• **RECORDS FOR PROCESSING**
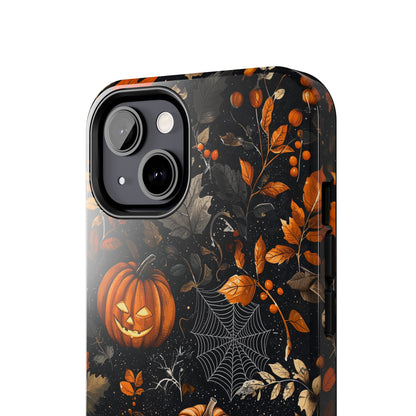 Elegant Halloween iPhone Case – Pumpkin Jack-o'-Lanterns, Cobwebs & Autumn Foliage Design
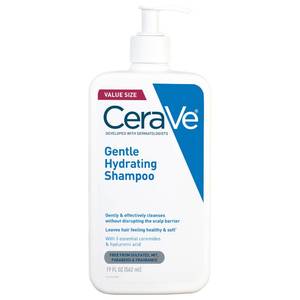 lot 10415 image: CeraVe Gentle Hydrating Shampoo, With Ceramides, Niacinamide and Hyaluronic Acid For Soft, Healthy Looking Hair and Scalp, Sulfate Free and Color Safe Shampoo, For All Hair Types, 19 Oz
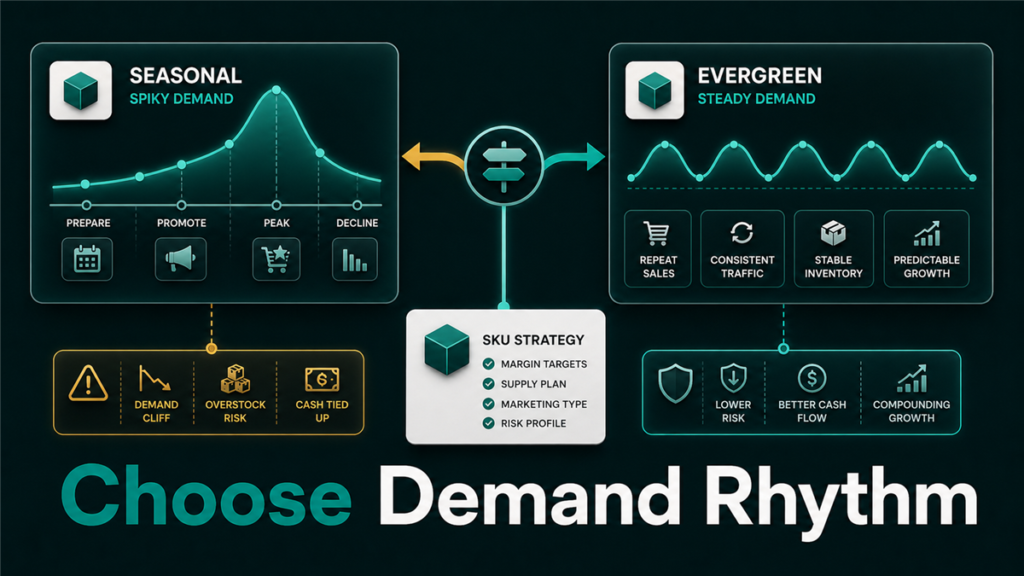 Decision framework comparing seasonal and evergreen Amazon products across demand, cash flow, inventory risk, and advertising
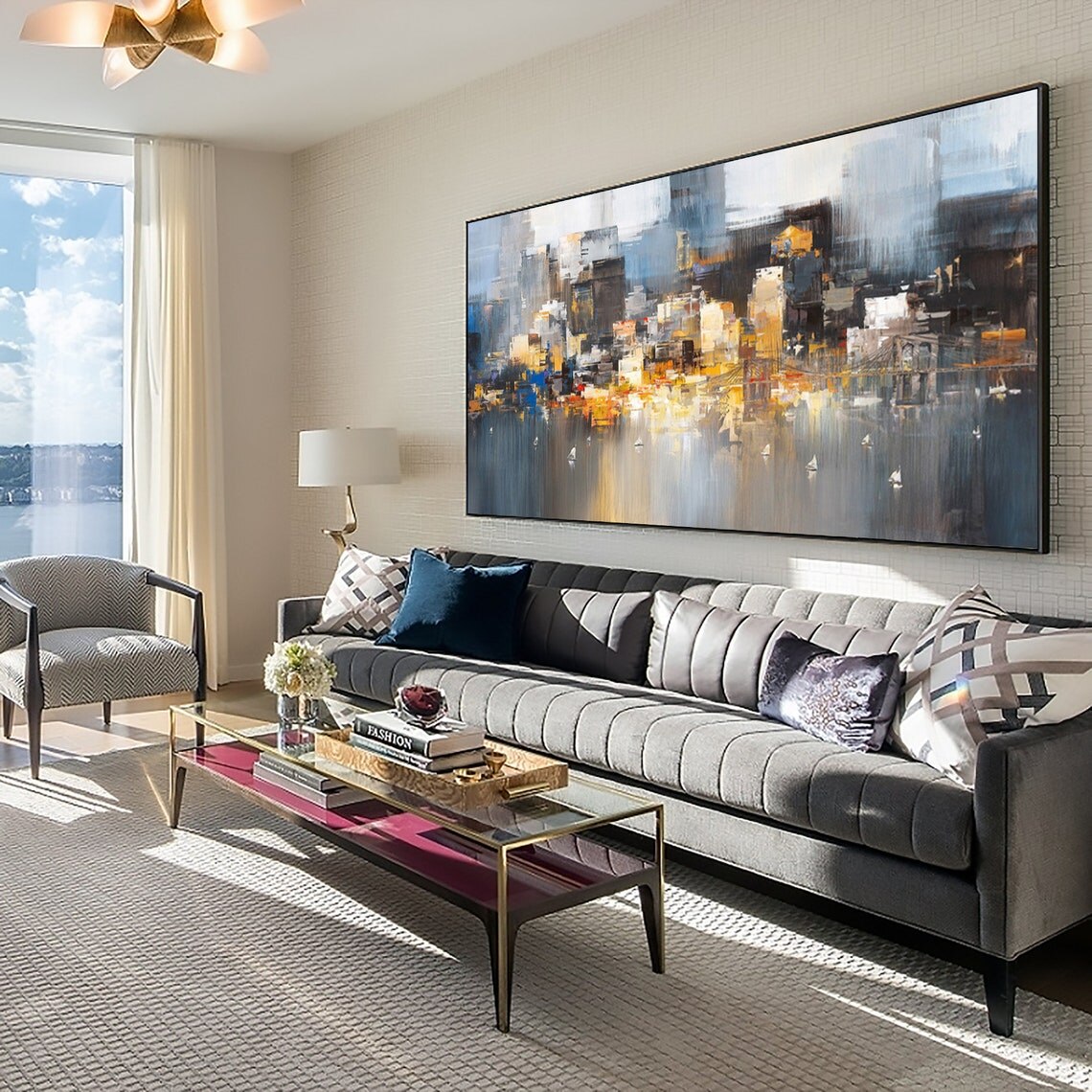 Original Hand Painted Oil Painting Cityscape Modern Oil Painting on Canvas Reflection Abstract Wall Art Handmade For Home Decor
* * *
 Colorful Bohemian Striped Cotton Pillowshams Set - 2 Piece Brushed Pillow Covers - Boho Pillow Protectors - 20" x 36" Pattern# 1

• **WORK REQUEST**
When copying from the data above, begin at the line containing "lot 10415 image: CeraVe" and end at the line containing "Original Hand Painted"; return those lines exactly and leave all pictures behind.

• **ANSWER SPACE**
 lot 10415 image: CeraVe Gentle Hydrating Shampoo, With Ceramides, Niacinamide and Hyaluronic Acid For Soft, Healthy Looking Hair and Scalp, Sulfate Free and Color Safe Shampoo, For All Hair Types, 19 Oz
 Decision framework comparing seasonal and evergreen Amazon products across demand, cash flow, inventory risk, and advertising
 Original Hand Painted Oil Painting Cityscape Modern Oil Painting on Canvas Reflection Abstract Wall Art Handmade For Home Decor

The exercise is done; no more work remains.